Created on Wed Mar 10 19:01:07 2021

@author: Administrator
"""



#%%
import numpy as np
import pandas as pd
import matplotlib.pyplot as plt
import operator
import time
import xgboost as xgb
from xgboost import plot_importance  #画特征重要性的函数
#from imblearn.ensemble import EasyEnsemble  #还有模块木有安装
from sklearn.model_selection import train_test_split
#from sklearn.externals import joblib 已经改成了下面这种方式
import joblib
from sklearn.metrics import auc,roc_curve  #说明是分类
plt.rc('font',family='SimHei',size=13)   #使画出的图形中能正常显示中文
%matplotlib inline



#%%
#训练数据、线上数据(无Y)、验证数据
train_data = pd.read_csv('D:/迅雷下载/3.学习模型/3.学习模型/train_user_model_feat.csv')
print(len(train_data[train_data['label']==1]),len(train_data[train_data['label']==0]))  # 1: 815  0:42688
online_data = pd.read_csv('D:/迅雷下载/3.学习模型/3.学习模型/online_user_model_feat.csv')
valid_data = pd.read_csv('D:/迅雷下载/3.学习模型/3.学习模型/valid_user_model_feat.csv')
print(len(valid_data[valid_data['label']==1]),len(valid_data[valid_data['label']==0]))  # 1:892   0:39302



#%%
train_y = train_data[['label']]
train_y.columns = ['y']
train_x = train_data.drop(['label','user_id'],axis=1)

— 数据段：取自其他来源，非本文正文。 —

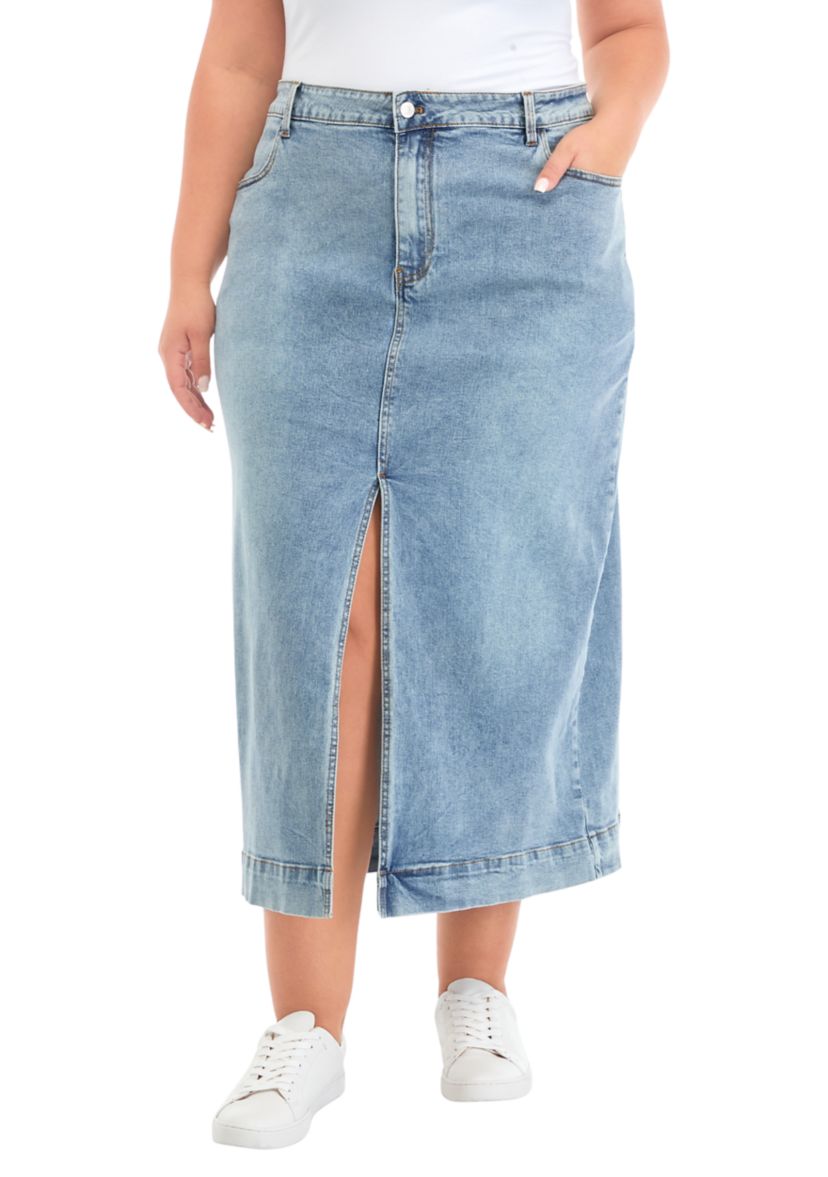 Plus Size High Waist Long Denim Skirt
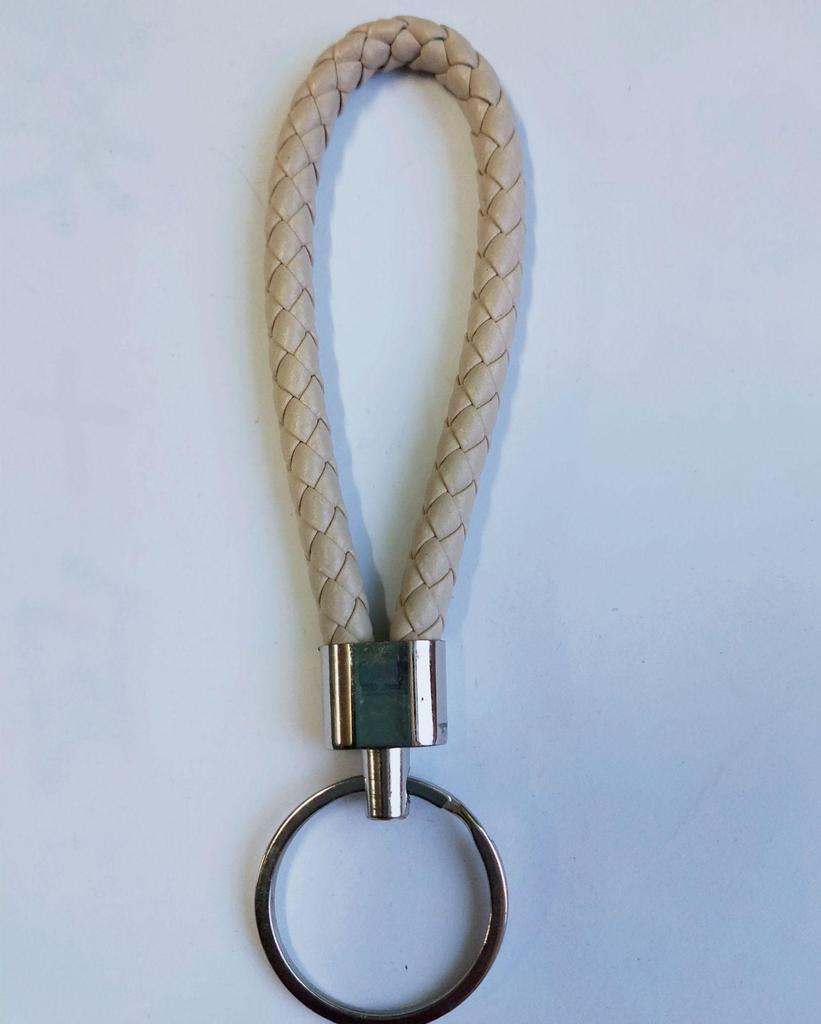 Woven Leather Cord Metal Keychain Pendant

valid_y = valid_data[['label']]
valid_y.columns = ['y']
valid_x = valid_data.drop(['label','user_id'],axis=1)
# 
file_xgboost_model='./xgboost_model' #模型文件
file_xgboost_columns='./columns.csv' #最终使用的特征
file_xgboost_model_auc_ks='./xgboost_model_auc_ks.png' #模型AUC和KS值
file_xgboost_model_score='./xgboost_model_score.png' # 模型预测用户的评分分布
file_xgboost_model_prob='./xgboost_model_prob.png' #模型预测用户的概率分布


#%%
#coding=utf-8
from xgboost import XGBClassifier
from sklearn.model_selection import GridSearchCV  #网格搜索法
import xgboost as xgb
def xgbpa(trainX, trainY):
    # init ,分类
    xgb1 = XGBClassifier(  
        learning_rate=0.3,
        n_estimators=150,
        max_depth=5,
        min_child_weight=1,
        gamma=0,
        subsample=0.8,
        colsample_bytree=0.8,
        objective='binary:logistic',
        nthread=4,
        scale_pos_weight=1,
        seed=6
    )

    # max_depth 和 min_weight 参数调优   这个用给网格搜索法时的参数,数的层数由3-6
    param1 = {'max_depth': list(range(3, 7)), 'min_child_weight': list(range(1, 5, 2))}

    from sklearn import svm, datasets
    gsearch1 = GridSearchCV(
        estimator=XGBClassifier(
            learning_rate=0.3,
            n_estimators=150,
            max_depth=5,
            min_child_weight=1,
            gamma=0,
            subsample=0.8,
            colsample_bytree=0.8,
            objective='binary:logistic',
            nthread=4,
            scale_pos_weight=1,
            seed=6
        ),
        param_grid=param1, scoring='roc_auc', n_jobs=4, iid=False, cv=5)
    gsearch1.fit(trainX, trainY)
    print(gsearch1.scorer_)
    print(gsearch1.best_params_, gsearch1.best_score_)  #最佳参数(形式是字典型),最高分数(就一个值)
    best_max_depth = gsearch1.best_params_['max_depth'] #输出的max_depth的values
    best_min_child_weight = gsearch1.best_params_['min_child_weight']  #同理上面

    # gamma参数调优
    param2 = {'gamma': [i / 10.0 for i in range(0, 5, 2)]}
    gsearch2 = GridSearchCV(
        estimator=XGBClassifier(
            learning_rate=0.3,  # 如同学习率
            n_estimators=150,  # 树的个数
            max_depth=best_max_depth,  #同时替换上面的值
            min_child_weight=best_min_child_weight,  #同理上面
            gamma=0,
            subsample=0.8,
            colsample_bytree=0.8,
            objective='binary:logistic',
            nthread=4,
            scale_pos_weight=1,
            seed=6
        ),
        param_grid=param2, scoring='roc_auc', n_jobs=4, iid=False, cv=5)
    gsearch2.fit(trainX, trainY)
    print(gsearch2.scorer_)
    print(gsearch2.best_params_, gsearch2.best_score_)
    best_gamma = gsearch2.best_params_['gamma']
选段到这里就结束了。